▶ _Required action_: Reproduce word for word, from the entries below, the line with "Peluche Mullover spiced", the line with "2001 Honda Accord", and every line between them, and nothing more.
+++ Records for the exercise
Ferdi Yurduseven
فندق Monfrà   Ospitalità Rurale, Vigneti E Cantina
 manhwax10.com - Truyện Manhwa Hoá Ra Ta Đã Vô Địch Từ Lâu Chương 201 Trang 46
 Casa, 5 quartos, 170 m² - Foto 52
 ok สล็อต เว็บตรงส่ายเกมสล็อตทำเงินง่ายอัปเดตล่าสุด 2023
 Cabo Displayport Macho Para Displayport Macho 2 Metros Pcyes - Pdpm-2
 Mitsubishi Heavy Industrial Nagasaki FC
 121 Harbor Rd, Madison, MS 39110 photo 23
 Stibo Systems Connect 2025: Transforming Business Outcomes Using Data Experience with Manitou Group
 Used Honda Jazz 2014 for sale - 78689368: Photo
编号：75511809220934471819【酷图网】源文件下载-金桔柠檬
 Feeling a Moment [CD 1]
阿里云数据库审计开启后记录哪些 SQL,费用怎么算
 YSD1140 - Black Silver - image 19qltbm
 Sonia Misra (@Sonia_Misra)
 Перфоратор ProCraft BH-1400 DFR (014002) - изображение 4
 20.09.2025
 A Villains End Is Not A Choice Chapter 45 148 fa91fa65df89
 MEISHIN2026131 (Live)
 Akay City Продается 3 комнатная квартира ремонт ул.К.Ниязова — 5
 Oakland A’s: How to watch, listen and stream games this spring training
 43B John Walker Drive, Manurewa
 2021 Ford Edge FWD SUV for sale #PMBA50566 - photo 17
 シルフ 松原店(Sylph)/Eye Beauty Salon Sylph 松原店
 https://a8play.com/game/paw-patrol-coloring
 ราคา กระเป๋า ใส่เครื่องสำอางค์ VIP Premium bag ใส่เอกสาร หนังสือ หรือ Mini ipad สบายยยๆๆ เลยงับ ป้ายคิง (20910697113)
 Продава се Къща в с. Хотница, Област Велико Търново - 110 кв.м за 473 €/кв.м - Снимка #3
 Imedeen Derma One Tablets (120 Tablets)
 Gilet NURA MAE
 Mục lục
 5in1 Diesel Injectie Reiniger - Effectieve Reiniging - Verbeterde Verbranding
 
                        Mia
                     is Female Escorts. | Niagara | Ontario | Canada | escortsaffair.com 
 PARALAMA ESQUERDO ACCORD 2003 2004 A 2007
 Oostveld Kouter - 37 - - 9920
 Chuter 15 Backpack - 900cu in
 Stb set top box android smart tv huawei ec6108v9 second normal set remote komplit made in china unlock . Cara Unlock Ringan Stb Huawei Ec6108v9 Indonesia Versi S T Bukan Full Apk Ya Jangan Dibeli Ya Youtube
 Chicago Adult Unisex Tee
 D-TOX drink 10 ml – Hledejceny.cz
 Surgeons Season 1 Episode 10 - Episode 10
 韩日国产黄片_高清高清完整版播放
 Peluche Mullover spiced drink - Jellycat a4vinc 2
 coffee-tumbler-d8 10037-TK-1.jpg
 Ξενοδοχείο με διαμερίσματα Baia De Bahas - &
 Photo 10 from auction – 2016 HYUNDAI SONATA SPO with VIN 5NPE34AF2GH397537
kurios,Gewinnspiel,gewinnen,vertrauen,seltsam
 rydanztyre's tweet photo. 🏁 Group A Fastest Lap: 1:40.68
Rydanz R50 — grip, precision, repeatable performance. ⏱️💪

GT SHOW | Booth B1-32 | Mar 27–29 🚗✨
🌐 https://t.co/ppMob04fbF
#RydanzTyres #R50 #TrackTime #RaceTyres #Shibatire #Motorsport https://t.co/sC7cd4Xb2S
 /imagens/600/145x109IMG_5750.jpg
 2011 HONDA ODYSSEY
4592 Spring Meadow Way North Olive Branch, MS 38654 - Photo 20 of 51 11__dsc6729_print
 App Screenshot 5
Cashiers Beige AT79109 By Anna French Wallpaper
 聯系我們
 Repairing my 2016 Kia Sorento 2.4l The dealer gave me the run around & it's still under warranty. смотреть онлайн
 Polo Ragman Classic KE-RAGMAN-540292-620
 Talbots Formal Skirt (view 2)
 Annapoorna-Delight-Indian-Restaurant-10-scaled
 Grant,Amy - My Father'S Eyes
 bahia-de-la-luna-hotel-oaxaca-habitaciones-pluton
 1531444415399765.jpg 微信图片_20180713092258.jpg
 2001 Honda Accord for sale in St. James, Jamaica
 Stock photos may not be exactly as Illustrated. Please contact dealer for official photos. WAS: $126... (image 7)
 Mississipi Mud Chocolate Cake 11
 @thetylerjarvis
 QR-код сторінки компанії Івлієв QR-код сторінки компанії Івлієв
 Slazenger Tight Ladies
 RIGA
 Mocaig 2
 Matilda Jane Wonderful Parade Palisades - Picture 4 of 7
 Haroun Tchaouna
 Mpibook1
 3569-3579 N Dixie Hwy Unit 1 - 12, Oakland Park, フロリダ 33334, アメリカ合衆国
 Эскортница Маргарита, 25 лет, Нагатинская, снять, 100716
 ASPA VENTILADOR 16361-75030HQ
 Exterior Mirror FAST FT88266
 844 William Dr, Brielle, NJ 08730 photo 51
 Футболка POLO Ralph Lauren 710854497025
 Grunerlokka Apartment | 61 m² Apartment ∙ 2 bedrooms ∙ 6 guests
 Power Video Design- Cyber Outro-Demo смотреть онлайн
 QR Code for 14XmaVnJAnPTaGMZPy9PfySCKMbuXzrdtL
++++++
▶ _Result for this exercise_:
 Peluche Mullover spiced drink - Jellycat a4vinc 2
 coffee-tumbler-d8 10037-TK-1.jpg
 Ξενοδοχείο με διαμερίσματα Baia De Bahas - &
 Photo 10 from auction – 2016 HYUNDAI SONATA SPO with VIN 5NPE34AF2GH397537
kurios,Gewinnspiel,gewinnen,vertrauen,seltsam
 rydanztyre's tweet photo. 🏁 Group A Fastest Lap: 1:40.68
Rydanz R50 — grip, precision, repeatable performance. ⏱️💪

GT SHOW | Booth B1-32 | Mar 27–29 🚗✨
🌐 https://t.co/ppMob04fbF
#RydanzTyres #R50 #TrackTime #RaceTyres #Shibatire #Motorsport https://t.co/sC7cd4Xb2S
 /imagens/600/145x109IMG_5750.jpg
 2011 HONDA ODYSSEY
4592 Spring Meadow Way North Olive Branch, MS 38654 - Photo 20 of 51 11__dsc6729_print
 App Screenshot 5
Cashiers Beige AT79109 By Anna French Wallpaper
 聯系我們
 Repairing my 2016 Kia Sorento 2.4l The dealer gave me the run around & it's still under warranty. смотреть онлайн
 Polo Ragman Classic KE-RAGMAN-540292-620
 Talbots Formal Skirt (view 2)
 Annapoorna-Delight-Indian-Restaurant-10-scaled
 Grant,Amy - My Father'S Eyes
 bahia-de-la-luna-hotel-oaxaca-habitaciones-pluton
 1531444415399765.jpg 微信图片_20180713092258.jpg
 2001 Honda Accord for sale in St. James, Jamaica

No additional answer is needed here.